How Saudi Arabia responded to Donald Trump’s plans
The oil war between Saudi Arabia and Russia continues. In order to strengthen its position in the market, the eastern country is ready to take serious steps and intends to increase production volumes. U.S. President Donald Trump supported Saudi Arabia’s plans, but noted that the cost of oil should not fall below a certain level, otherwise it will hurt American producers.
However, it seems that the Saudis have their own strategy, as two weeks after the talks with Trump the fuel price dropped significantly, which experts did not expect. After such a move, the White House warned Saudi Arabia about possible consequences of its decisions. It is worth mentioning that recently analysts suggested Donald Trump to unite with saudits, which would allow to regulate oil prices and not let them fall to the minimum values. However, the American president has so far taken a wait-and-see position. In his opinion, Russia and its eastern competitor should solve the difficult situation on their own. In case the countries do not find a compromise, then the US will intervene. It is important to find the best option, which will allow to benefit even at low cost of raw materials, while protecting the oil industry from losses.
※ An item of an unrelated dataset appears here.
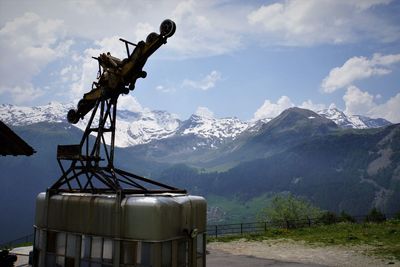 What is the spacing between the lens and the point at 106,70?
1598 cm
The situation that has developed around the resource and its cost has brought tangible damage not only to Russia. Many producers in the United States have also suffered from Saudi Arabia’s actions, especially in the shale oil industry.
The reason for this situation was the negotiations between OPEC+ participants, who could not agree on the reduction of oil production. The Russian Federation opposed such a decision, and as a result the countries independently regulate the production of raw materials. After unsuccessful negotiations Saudi Arabia announced that it would increase production and reduce the cost of oil to sell it cheaply and at a discount to European buyers. The market reacted immediately with a collapse of quotations, which led to panic.
For Saudi Arabia, however, there is a downside to this position. The fact is that the state economy is quite unstable, and such actions exacerbate the negative factors. According to experts, the country’s gold and foreign exchange reserves are already decreasing and the government debt is growing. Assets of Saudi Arabia are shrinking, and if the demand for oil does not grow significantly before 2040, the country’s economy will face a crisis. If the cost of oil is around $20 per barrel, the money from the saudits will run out by 2027.
Therefore, it is worth thinking about the consequences of the decisions made and contribute to stabilizing the market situation, rather than rocking an already unstable segment.